In Durham, it was longer. Alliance sends 90 percent of its psychiatric hospital admissions to Central Regional Hospital in Butner. In June alone, that was 184 patients, who waited in an ED for a bed at Central Regional for more than seven days on average.

Waits in the emergency departments themselves are pretty long too. Community outreach director Mark Sullivan recounted a story about a mother who waited with her child for about 10 hours in a nearby emergency department,before staff there sent her to Carolina Outreach.

The woman actually had commercial insurance, which Carolina Outreach can’t yet accept.

“And she said, ‘I don’t care, we’ll pay out-of-pocket,’” Sullivan said. “And our out-of-pocket cost is about $440.”

He said the response from local providers has been “overwhelmingly positive.”

“We’ve heard a lot of relief, from people especially in the hospitals that are just completely swamped with psychiatric patients to have another resource to divert those patients,” he said. “It gives them a little glimmer of hope, I think. It’s a win, win, win. Everybody wins.”

Safe space

Prior to opening the urgent care center, Holsten explained that if patients walked into their other clinical services experiencing acute mental health symptoms, they’d have to go through an intake process and often get an appointment for several days or maybe a week later.

“You could see how we were losing people,” she said.

But the urgent care model has empowered clinicians to jump in.
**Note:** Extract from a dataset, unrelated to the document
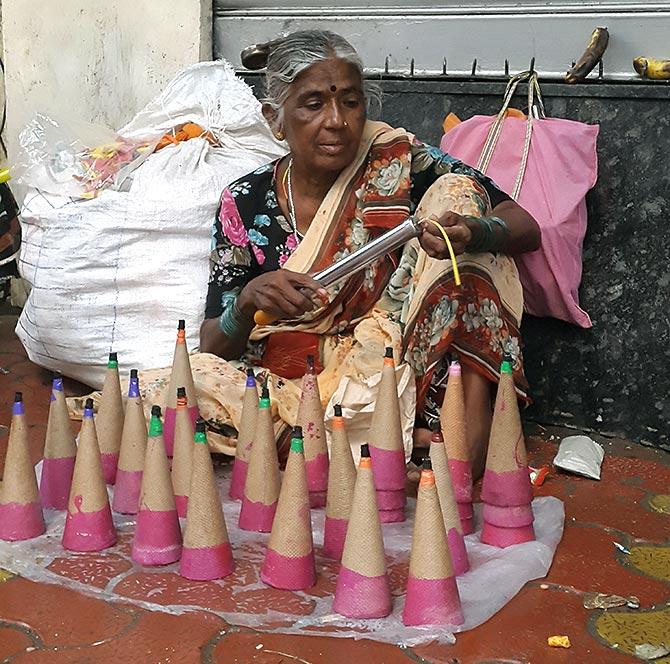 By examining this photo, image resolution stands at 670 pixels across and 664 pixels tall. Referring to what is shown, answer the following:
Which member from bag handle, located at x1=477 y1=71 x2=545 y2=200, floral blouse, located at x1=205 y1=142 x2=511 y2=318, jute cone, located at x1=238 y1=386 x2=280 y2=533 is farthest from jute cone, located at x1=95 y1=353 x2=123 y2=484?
bag handle, located at x1=477 y1=71 x2=545 y2=200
“If someone is really agitated, we’re not going to start into ‘Why are you here, etc.’” Holsten explained. Instead, the emphasis might be on sitting clients down, doing some crisis counseling, “until we’ve got you at least down to a level where you can be engaged and coherent and let’s talk about what you need.”
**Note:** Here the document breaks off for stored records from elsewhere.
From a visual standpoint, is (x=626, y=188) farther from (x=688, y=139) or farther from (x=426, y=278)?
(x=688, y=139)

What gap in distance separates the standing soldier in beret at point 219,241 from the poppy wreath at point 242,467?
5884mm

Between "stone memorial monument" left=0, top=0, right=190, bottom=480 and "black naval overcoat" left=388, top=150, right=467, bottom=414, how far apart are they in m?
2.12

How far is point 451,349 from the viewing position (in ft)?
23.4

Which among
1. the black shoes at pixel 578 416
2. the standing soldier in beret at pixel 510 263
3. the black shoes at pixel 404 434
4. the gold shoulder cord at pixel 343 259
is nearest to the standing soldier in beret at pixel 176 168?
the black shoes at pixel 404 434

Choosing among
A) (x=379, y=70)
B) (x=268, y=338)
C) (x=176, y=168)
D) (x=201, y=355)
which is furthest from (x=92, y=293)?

“Maybe they do need four or five hours to just calm down and have a safe place and feel supported,” she said.

Another emphasis is getting people connected with other services and providers in order to get them settled, maybe it’s a referral to a food pantry or shelter, maybe it’s medication, maybe it’s getting them to a detox facility.

Carolina Outreach has been around since 2003 when two social workers started it as a counseling and therapy center. The organization has grown to 10 locations in the Triangle and beyond, surviving the changes in North Carolina’s mental health system with a decent reputation. So, in September 2016, Alliance, which has contracted with Carolina Outreach for other services, approached the organization to create the urgent care center as a one-year long pilot. The planning process itself took close to a year.
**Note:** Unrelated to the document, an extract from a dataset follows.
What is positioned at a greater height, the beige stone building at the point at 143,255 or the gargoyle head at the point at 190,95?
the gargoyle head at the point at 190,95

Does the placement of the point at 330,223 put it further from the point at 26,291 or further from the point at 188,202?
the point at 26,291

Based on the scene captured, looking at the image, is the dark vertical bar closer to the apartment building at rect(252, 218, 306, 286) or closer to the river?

Brunson said it took time because Alliance felt they were doing something new in North Carolina.

“We also wanted to also be innovative about how we devised this model, so we took our time and fleshed out the workflows and we fleshed out the elements of this service and what we actually wanted to see happen as opposed to starting from a template and then working backwards,” she said. “We’re really excited to see what happens, what the outcomes are.”

Sullivan said he breathed a sigh of relief when Alliance made the decision to continue despite cuts in the state mental health budget.

“Unfortunately, the General Assembly has pulled the rug out from under the managed care organizations by undermining the whole rationale for how they were set up,” he said. Alliance cancelled other projects in the planning phase, such as a crisis center in Wake County and a walk-in center in Johnston County.

Alliance passed on some cuts to Carolina Outreach, but Sullivan said if no more come, they’ll be alright, especially if they can start billing commercial insurance.

“I think we can help the other places across the state that are trying to figure out how to fill this gap,” Holsten said.